START Recorded data

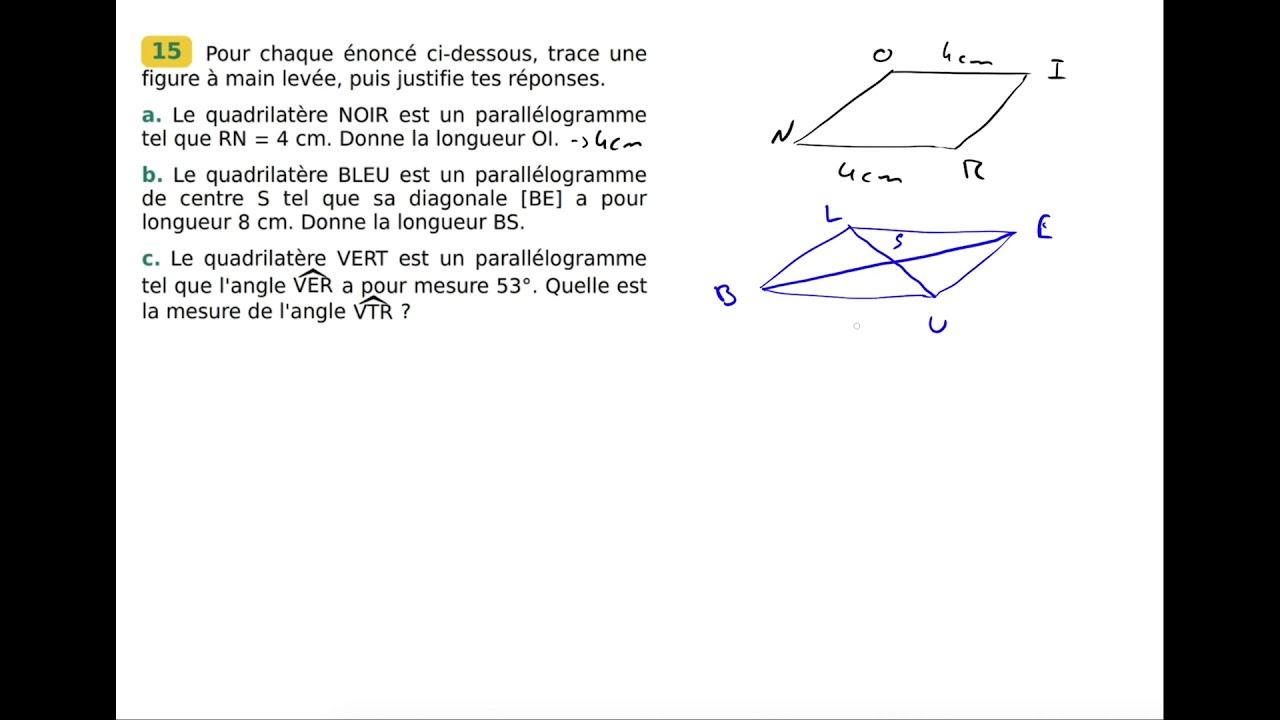 Parallélogrammes cinquième correction de l'exercice 15 - YouTube
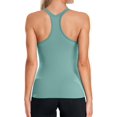 thumbnail image 2 of XINQIHANG Ribbed Workout Tank Tops for Women with Built in Bra Tight Racerback Scoop Neck Athletic Top, 2 of 7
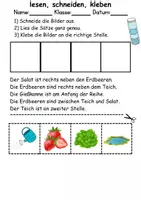 Vorschau - Mal- und Bastelvorlagen - Schulgarten Leserätsel - Lesen, schneiden, kleben - DaZ/DaF, Deutsch, Sachunterricht - Seite 2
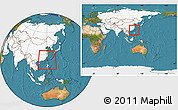 Satellite Location Map of Taiwan, highlighted continent, within the entire continent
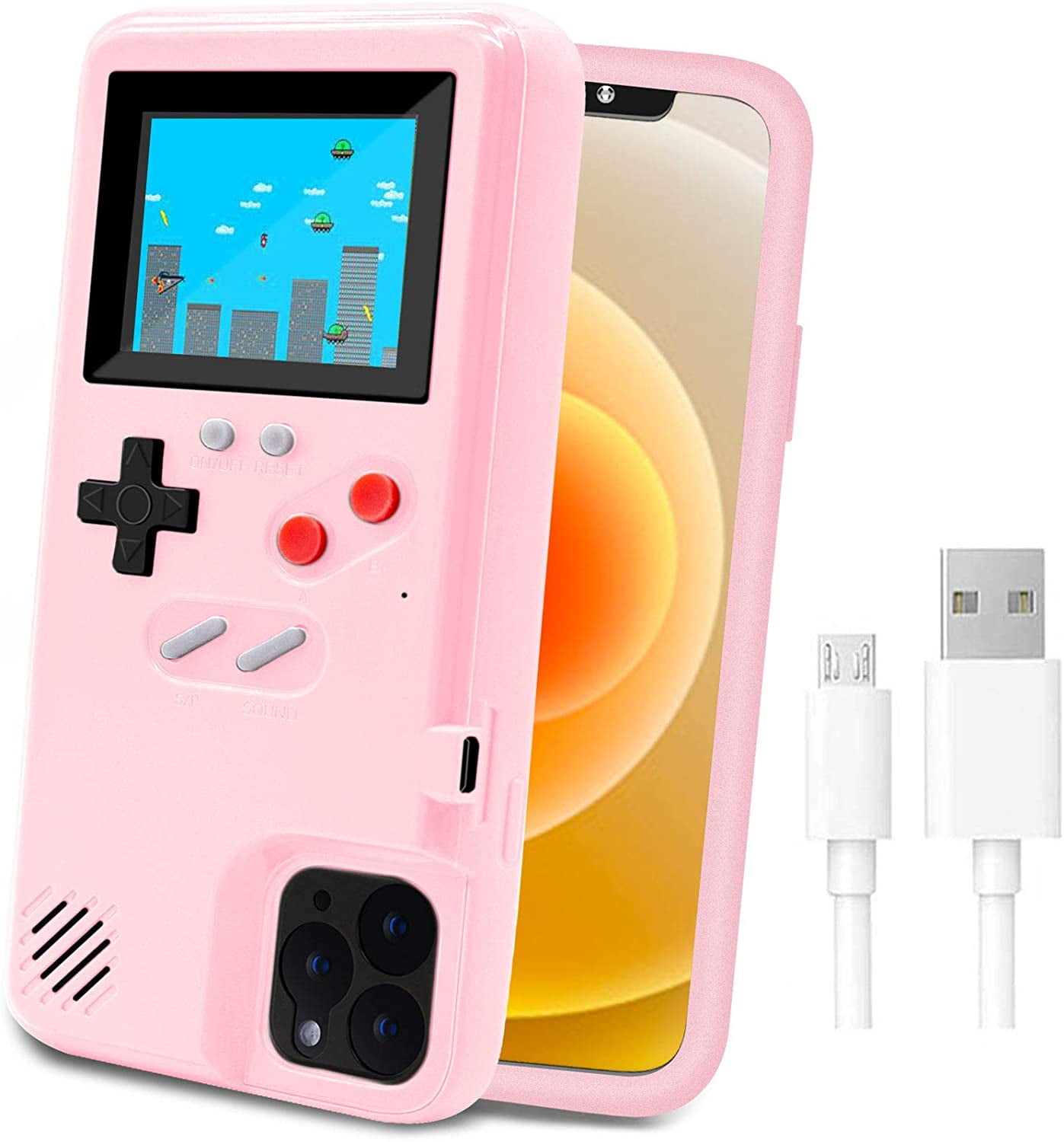 Étui de Console de Jeu pour iPhone, Étui de Protection Rétro Auto-Alimentée avec 36 Petits Jeux, Affichage en Couleur Complète, Antichoc pour iPhone X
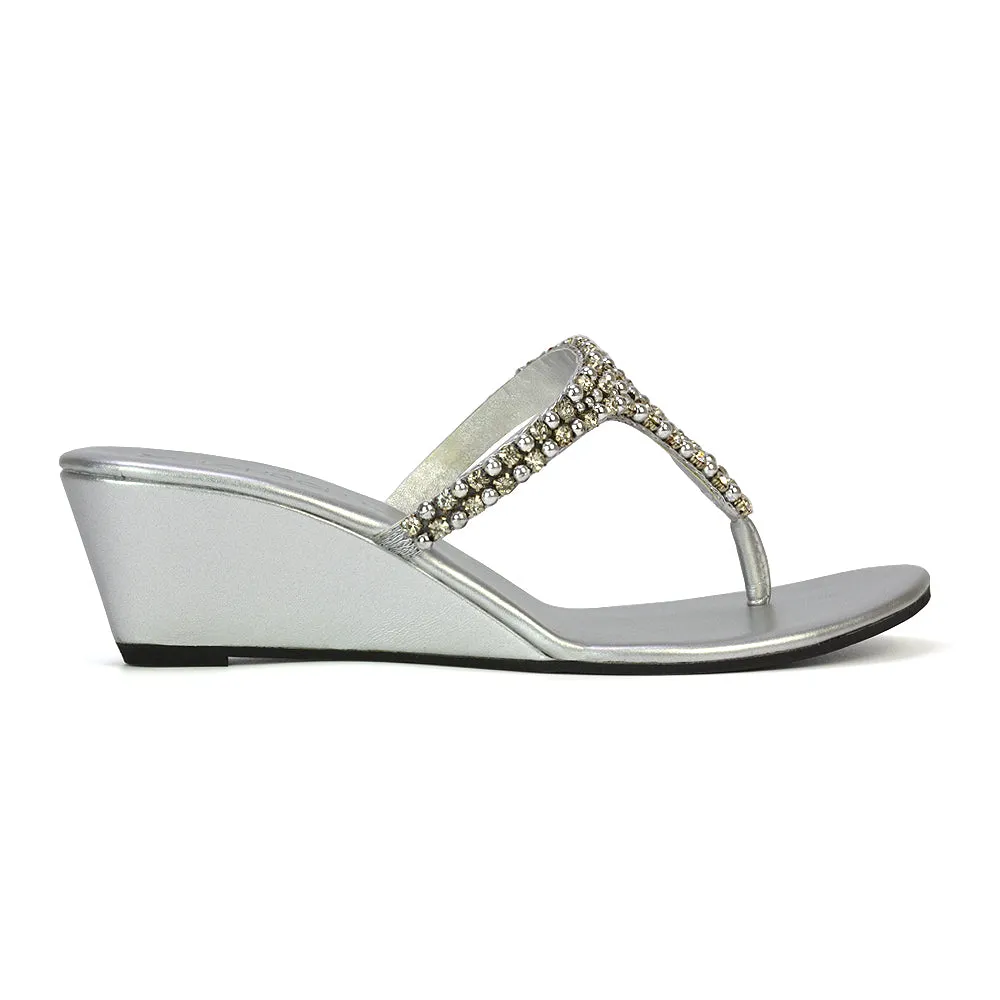 Logan Diamante Embellished Sparkly Statement Strappy Toe Post Thong Wedge Sandal High Heels in Silver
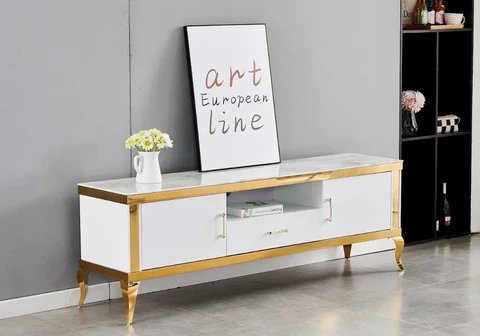 Golden TV cabinet with beige marble MANON New Design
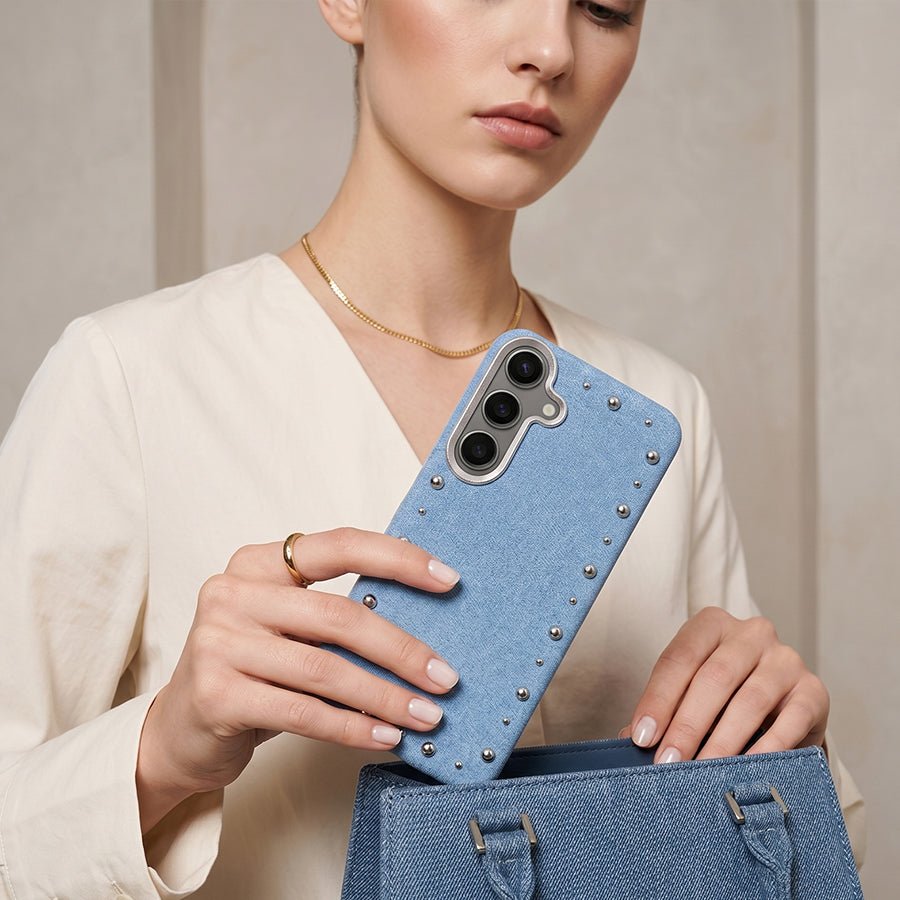 Funda Denim MagBattery para Samsung Galaxy S25 Plus — perfil lateral y protección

END Recorded data

## Work required
A faithful, picture-free copy of the material is what this task asks for.

## Output for this task
 Parallélogrammes cinquième correction de l'exercice 15 - YouTube
 thumbnail image 2 of XINQIHANG Ribbed Workout Tank Tops for Women with Built in Bra Tight Racerback Scoop Neck Athletic Top, 2 of 7
 Vorschau - Mal- und Bastelvorlagen - Schulgarten Leserätsel - Lesen, schneiden, kleben - DaZ/DaF, Deutsch, Sachunterricht - Seite 2
 Satellite Location Map of Taiwan, highlighted continent, within the entire continent
 Étui de Console de Jeu pour iPhone, Étui de Protection Rétro Auto-Alimentée avec 36 Petits Jeux, Affichage en Couleur Complète, Antichoc pour iPhone X
 Logan Diamante Embellished Sparkly Statement Strappy Toe Post Thong Wedge Sandal High Heels in Silver
 Golden TV cabinet with beige marble MANON New Design
 Funda Denim MagBattery para Samsung Galaxy S25 Plus — perfil lateral y protección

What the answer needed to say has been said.